## Problem requirements
All entries are to be copied exactly, with pictures removed.

+-------+

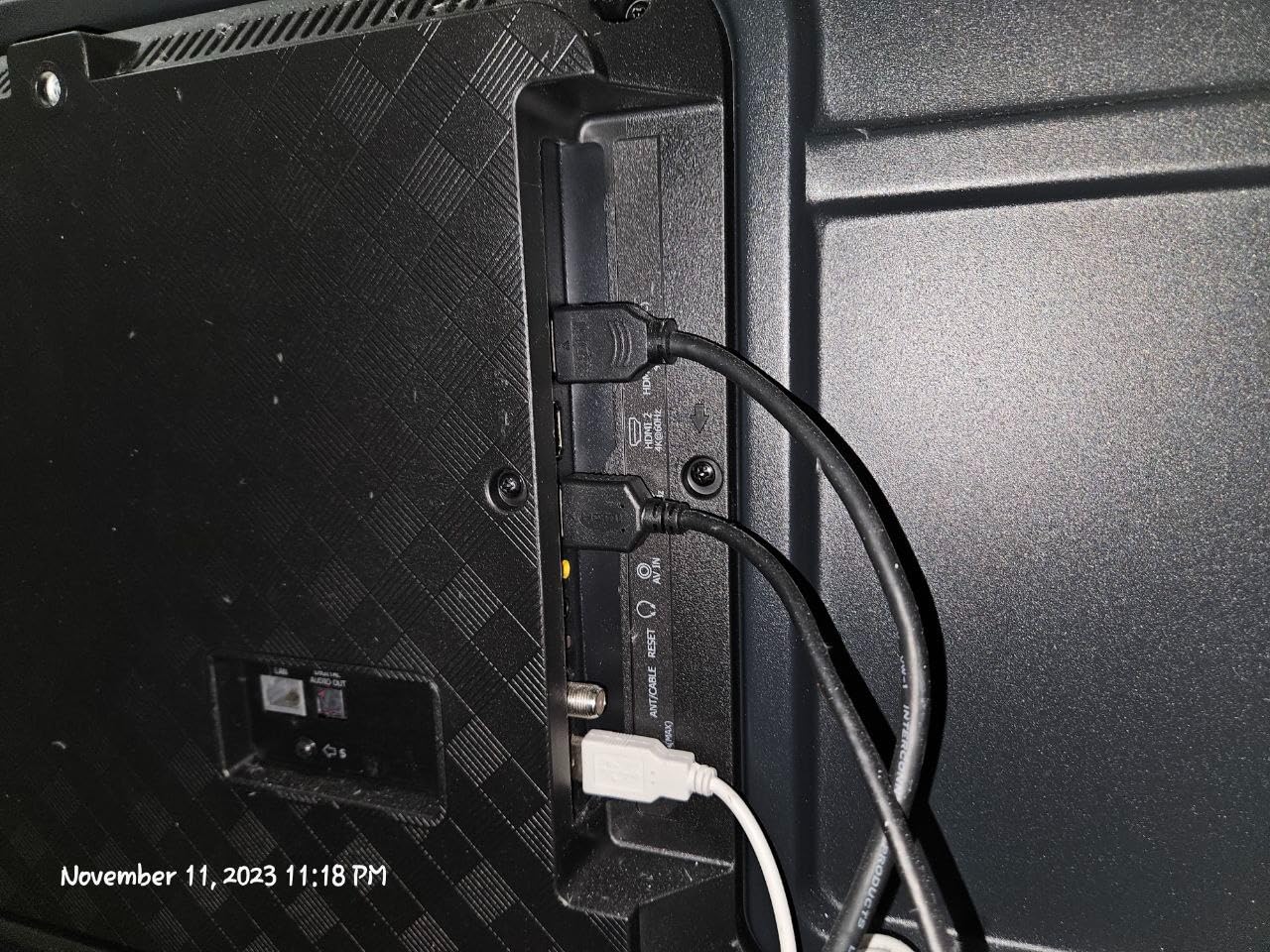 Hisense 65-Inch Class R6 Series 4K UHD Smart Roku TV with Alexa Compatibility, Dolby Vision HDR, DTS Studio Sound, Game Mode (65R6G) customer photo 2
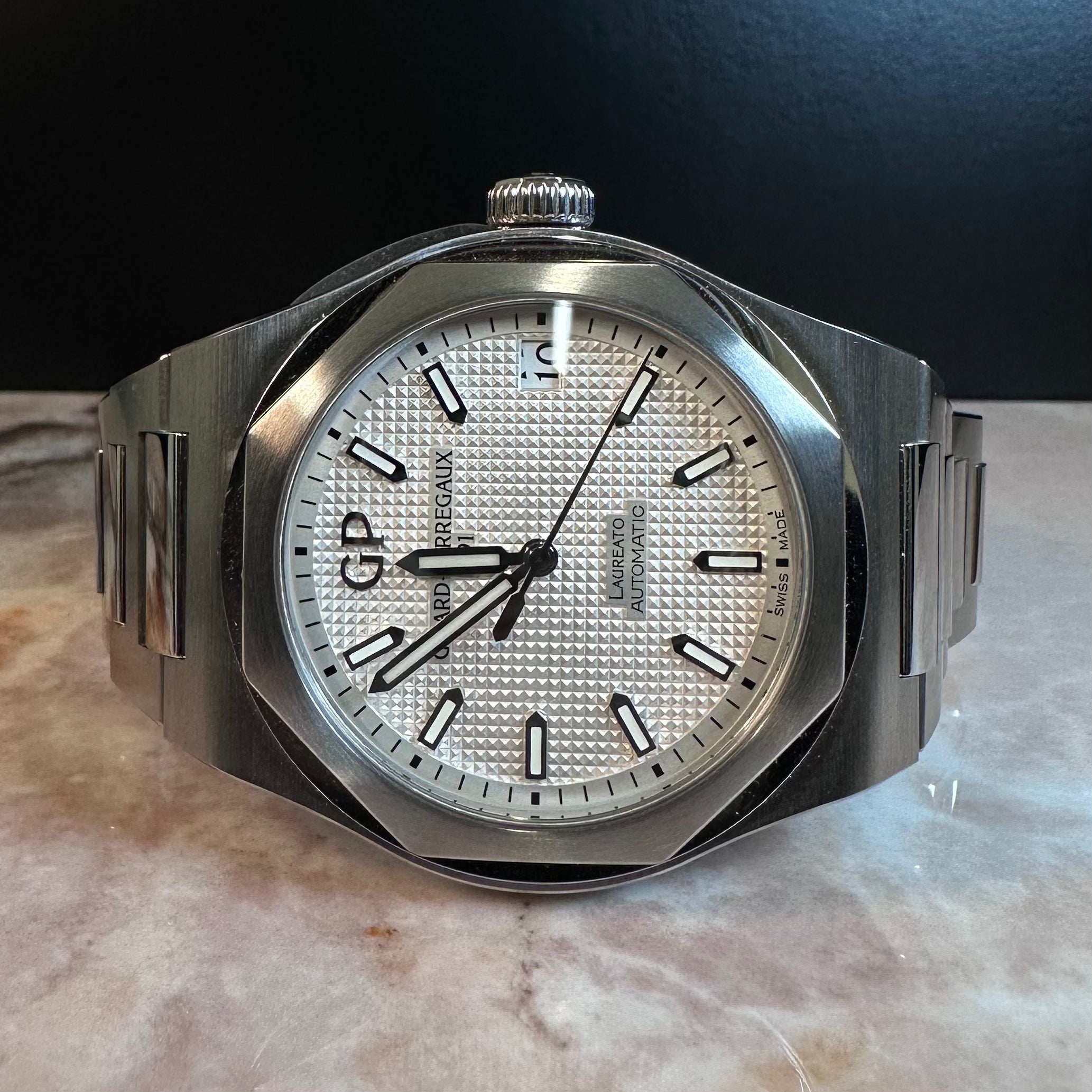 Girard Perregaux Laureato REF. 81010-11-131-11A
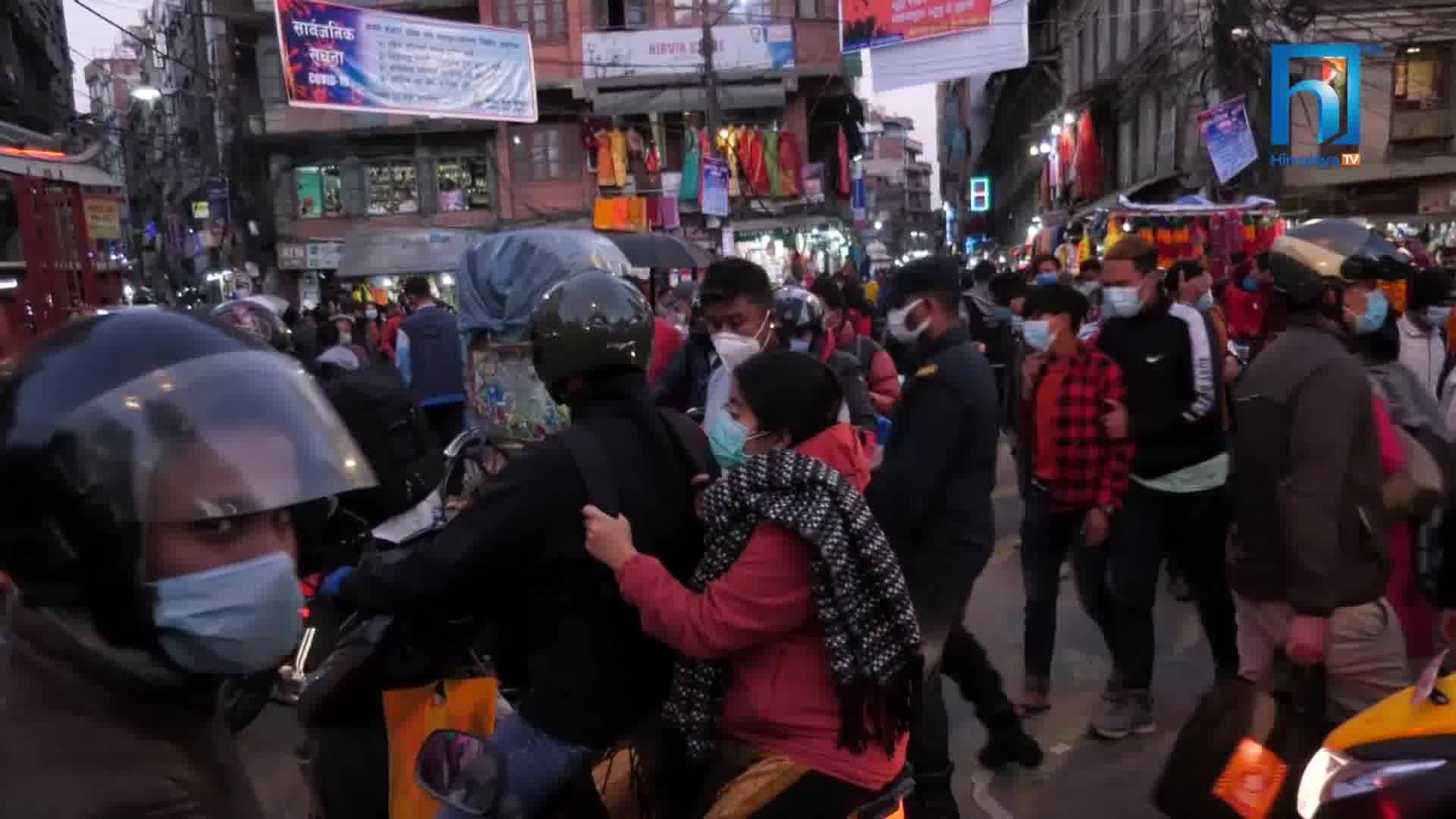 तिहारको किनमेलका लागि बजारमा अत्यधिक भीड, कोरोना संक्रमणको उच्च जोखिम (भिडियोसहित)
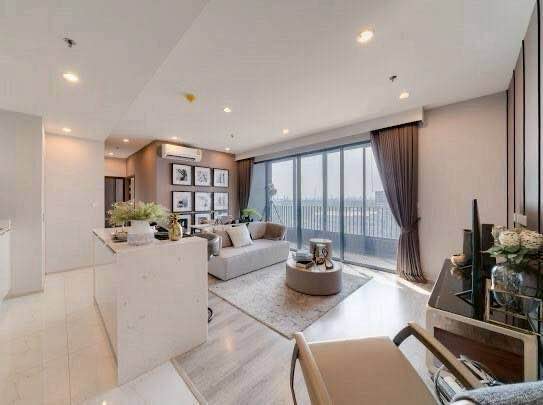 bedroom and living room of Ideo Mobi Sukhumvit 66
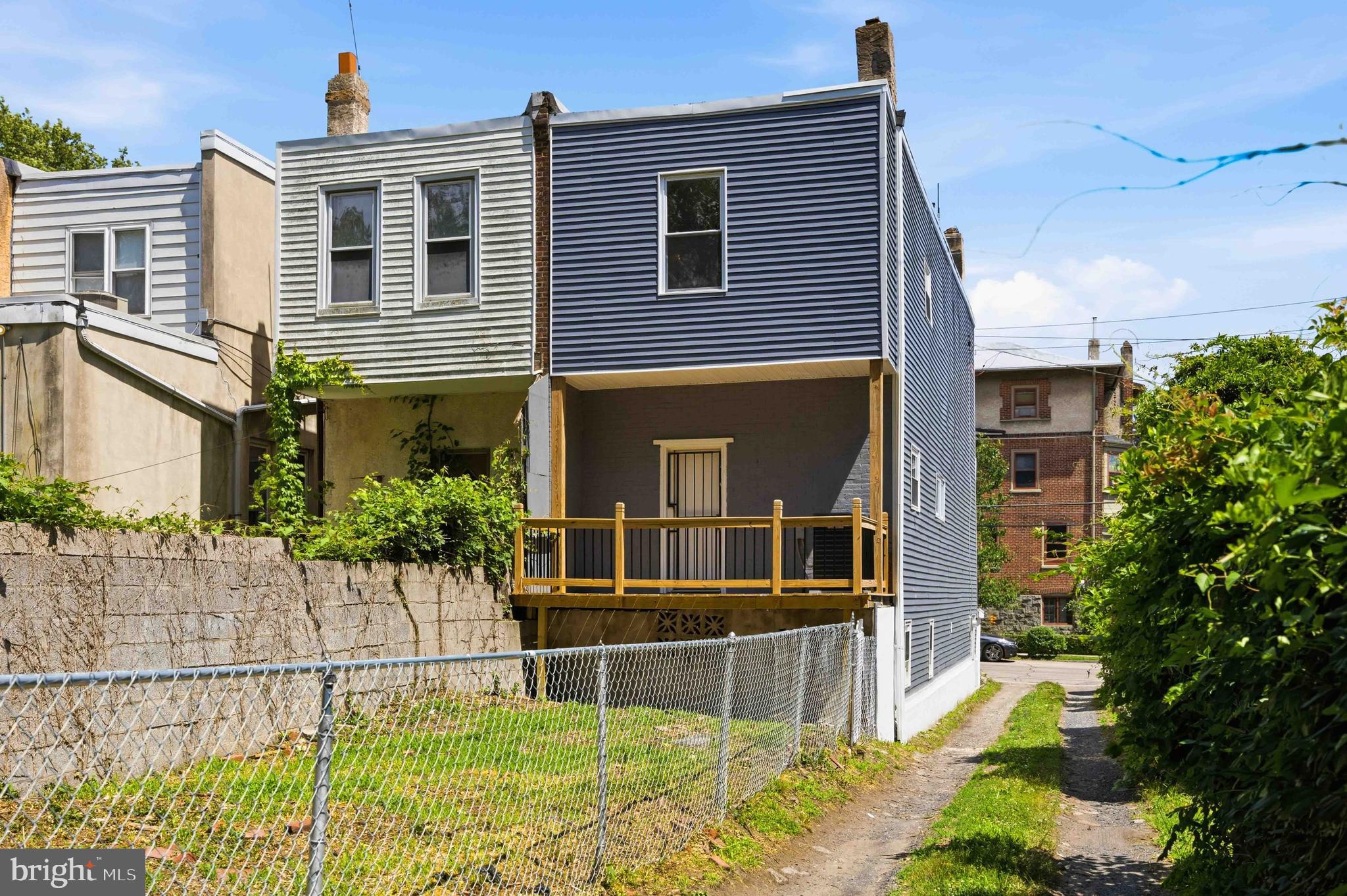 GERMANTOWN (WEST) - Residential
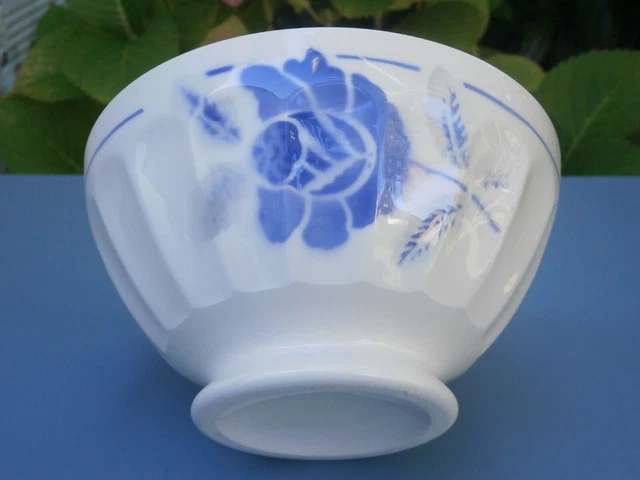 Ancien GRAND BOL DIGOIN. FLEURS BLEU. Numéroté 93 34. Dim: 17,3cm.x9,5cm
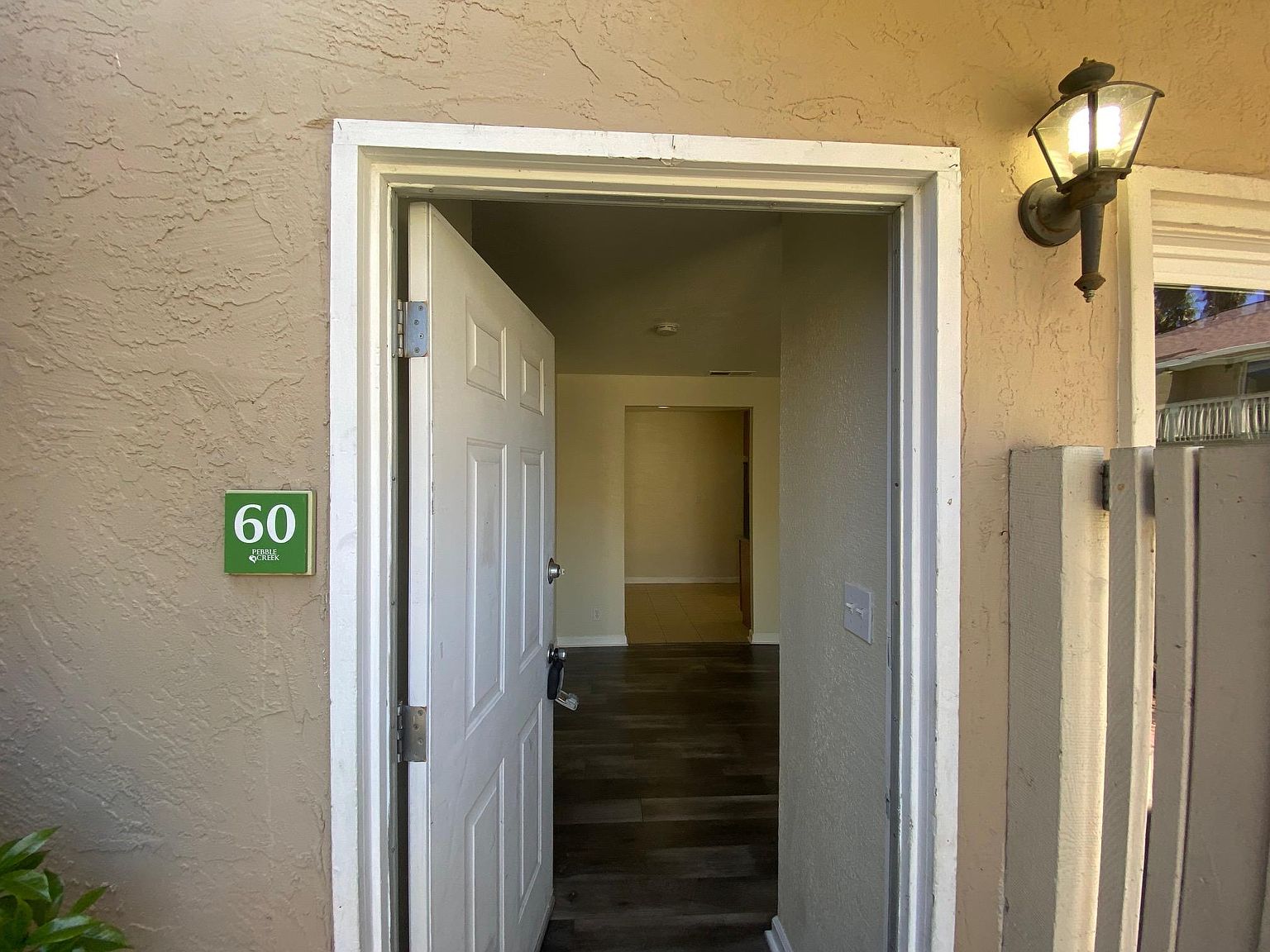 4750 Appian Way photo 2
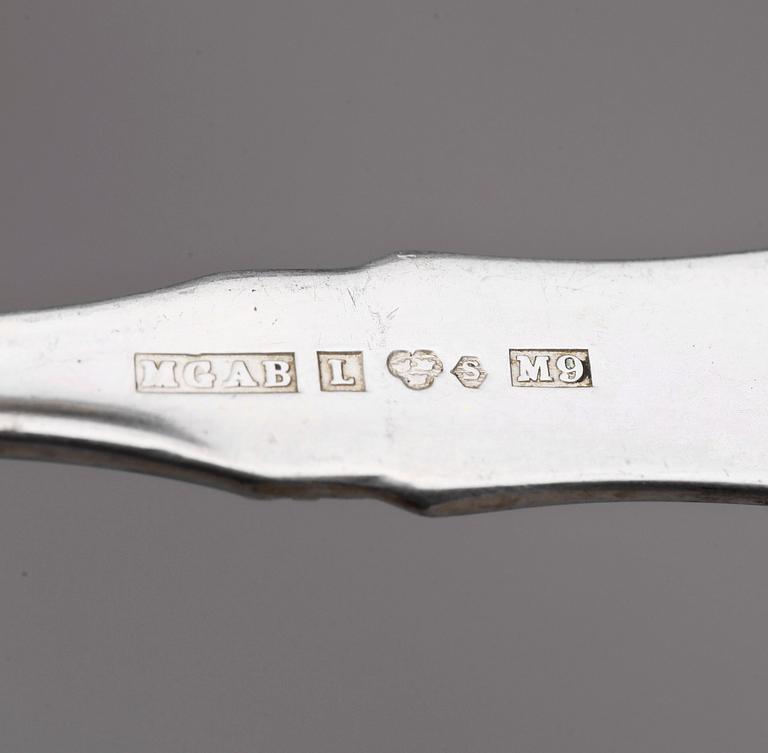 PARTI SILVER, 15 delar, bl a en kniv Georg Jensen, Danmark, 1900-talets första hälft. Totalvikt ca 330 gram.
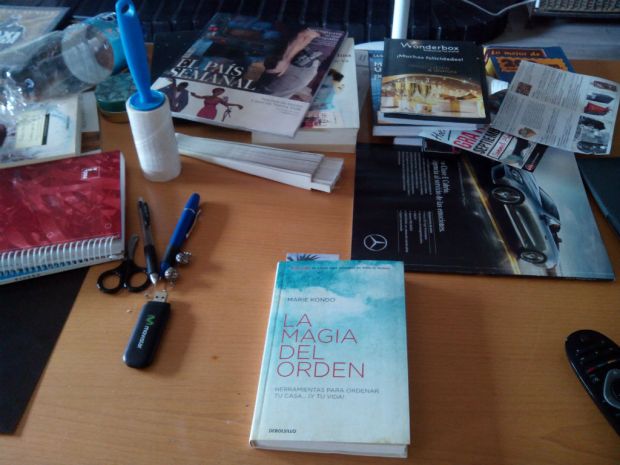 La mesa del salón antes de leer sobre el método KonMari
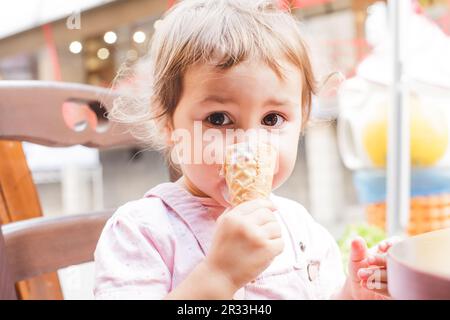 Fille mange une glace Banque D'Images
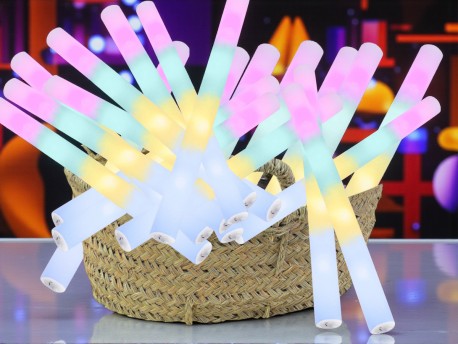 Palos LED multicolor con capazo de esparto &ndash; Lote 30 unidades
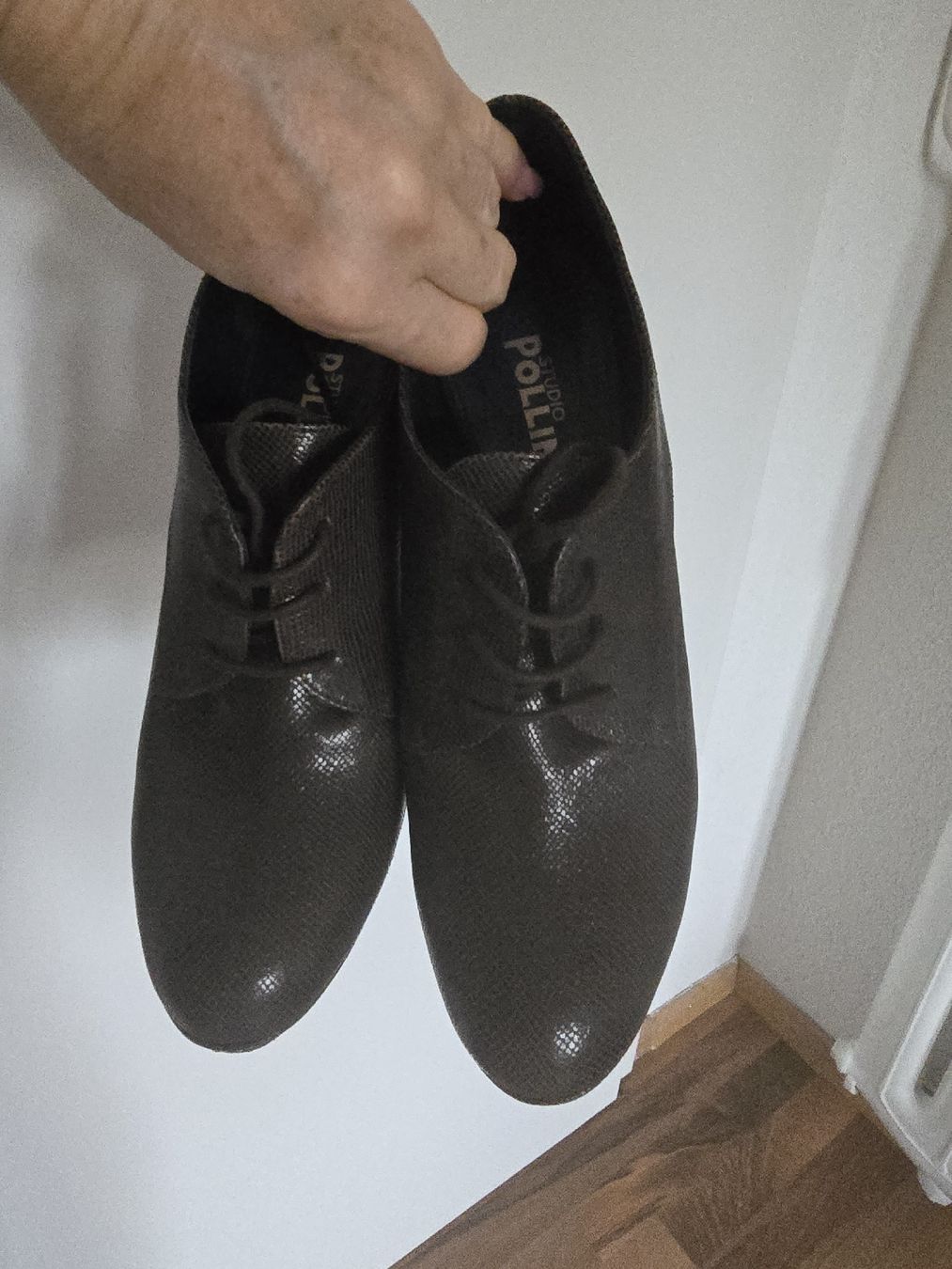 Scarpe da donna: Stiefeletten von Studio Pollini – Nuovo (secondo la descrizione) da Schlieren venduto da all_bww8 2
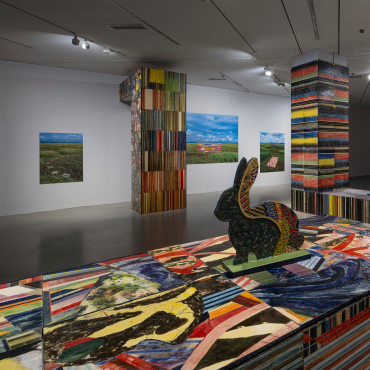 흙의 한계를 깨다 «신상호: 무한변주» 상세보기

+-------+

## Result
 Hisense 65-Inch Class R6 Series 4K UHD Smart Roku TV with Alexa Compatibility, Dolby Vision HDR, DTS Studio Sound, Game Mode (65R6G) customer photo 2
 Girard Perregaux Laureato REF. 81010-11-131-11A
 तिहारको किनमेलका लागि बजारमा अत्यधिक भीड, कोरोना संक्रमणको उच्च जोखिम (भिडियोसहित)
 bedroom and living room of Ideo Mobi Sukhumvit 66
 GERMANTOWN (WEST) - Residential
 Ancien GRAND BOL DIGOIN. FLEURS BLEU. Numéroté 93 34. Dim: 17,3cm.x9,5cm
 4750 Appian Way photo 2
 PARTI SILVER, 15 delar, bl a en kniv Georg Jensen, Danmark, 1900-talets första hälft. Totalvikt ca 330 gram.
 La mesa del salón antes de leer sobre el método KonMari
 Fille mange une glace Banque D'Images
 Palos LED multicolor con capazo de esparto &ndash; Lote 30 unidades
 Scarpe da donna: Stiefeletten von Studio Pollini – Nuovo (secondo la descrizione) da Schlieren venduto da all_bww8 2
 흙의 한계를 깨다 «신상호: 무한변주» 상세보기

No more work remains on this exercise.